Dışişleri Bakanı Abdullah Gül ise Sezer’den de ileri giderek öğüt-tehdit karışımı bir üslupla konuştu. Tescilli Amerikan uşağı Gül’e göre, “Daha demokratik, şeffaf, ekonomik-sosyal anlamda etkin, iyi yönetilen açık toplumlar yönündeki değişimi devam ettirmek gerekiyor... Reformların dışarıdan empoze edilmemesi, reformların takvim ve aşamalarının ilgili ülkeler tarafından belirlenmesi gerektiğini” vurgulayan Gül, reformların zaman kaybetmeden başlaması gerektiğini de sözlerine ekledi.

Oldukça “demokratik” görünen bu girişten sonra Gül, “Biz kendi evimize çekidüzen vermezsek, başkaları bu yöndeki talepleri bize dışarıdan dayatacaktır. Bunu bir süredir söylüyoruz. İslam ülkelerinin kendilerini 21. yüzyıla uyarlamaları gerekiyor...” türünden ifadeler kullandı. Bu arada ABD’de yapılan G-8 toplantısında da, İslam ülkelerine değişim mesajı iletildiğini aktardı.

ABD emperyalizmi için saldırı
üssü ve “model” ülke

ABD emperyalizminin, Türkiye’yi saldırı üssü ve “model” ülke olarak kullanmak istediği bir sır değil.

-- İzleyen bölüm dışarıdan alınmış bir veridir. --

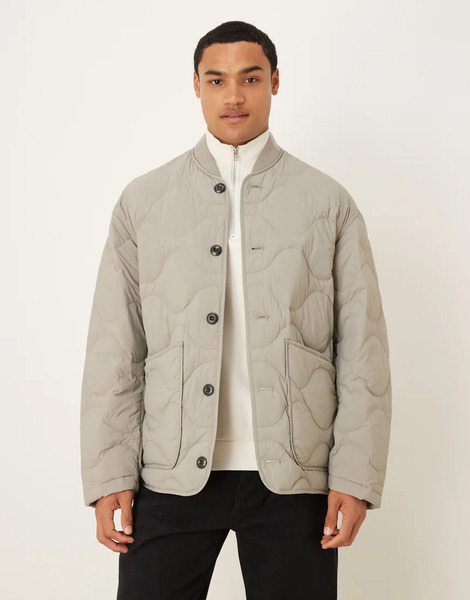  Arket Quilted Jacket With Rib Collar In Light Grey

Zira Türkiye’deki rejim hem müslüman, hem “demokratik”, hem laik, hem de iliklerine kadar Amerikan uşağı. Ortadoğu’da ABD için bundan daha uygun bir model bulunamaz herhalde.
Türk egemenleri, kendilerine biçilen bu modele uygun girişimlere çoktan başlamış bulunuyorlar. İKÖ toplantısı bu kulvarda alınan mesafeyi gösteriyor. Bu ayın sonunda İstanbul’da gerçekleşecek NATO toplantısı ile bu kirli misyon daha da pekişecek ve de somut biçimler alacak.

Reform sözünü ağızlarından düşürmeyen bu gerici güçler, kendi ülkelerinde en basit demokratik hakların kullanılmasına dahi tahammül etmiyorlar. Dahası engellemek için azgın bir şiddet kullanıyorlar. Arap rejimlerini geçtik, zorbalığın boyutunu görmek için, İslam ülkelerine öğütler sıralayan Türkiye’deki Amerikancı rejimin bugünlerde estirdiği devlet terörüne bakmak yeterlidir.

Demek ki “reform”lardan kastedilen şey, zorba rejimlerin demokratik haklara tahammül etmesi değil, Amerikan emperyalizminin istediği yönde adım atmasıdır. Yani onursuzca bir uşaklıktır. Aksi halde “birileri dışarıdan gelip evimize çekidüzen verir.” Tabii Afganistan ve Irak’a çekidüzen verdiği gibi.

İşbirlikçi sermaye iktidarının Kıbrıs’la ilgili destek talebi dışta tutulursa, İKÖ zirvesinde gündemi işgal eden temel mesele BOP oldu. İKÖ genel sekreterliği mevkisini işgal etmeye başlayan Amerikancı rejim, bu mevkiden de yararlanarak BOP için daha aktif bir figüran olmaya çalışacak.

Bush’la savaş çetesinin Ankara’daki uşakları daha şimdiden, kısa ve net bir mesaj verdiler İslam dünyasına; “Ya ABD’nin dediğini yaparsınız, ya da sonunuz Taliban veya Saddam gibi olur. Tercih sizin!”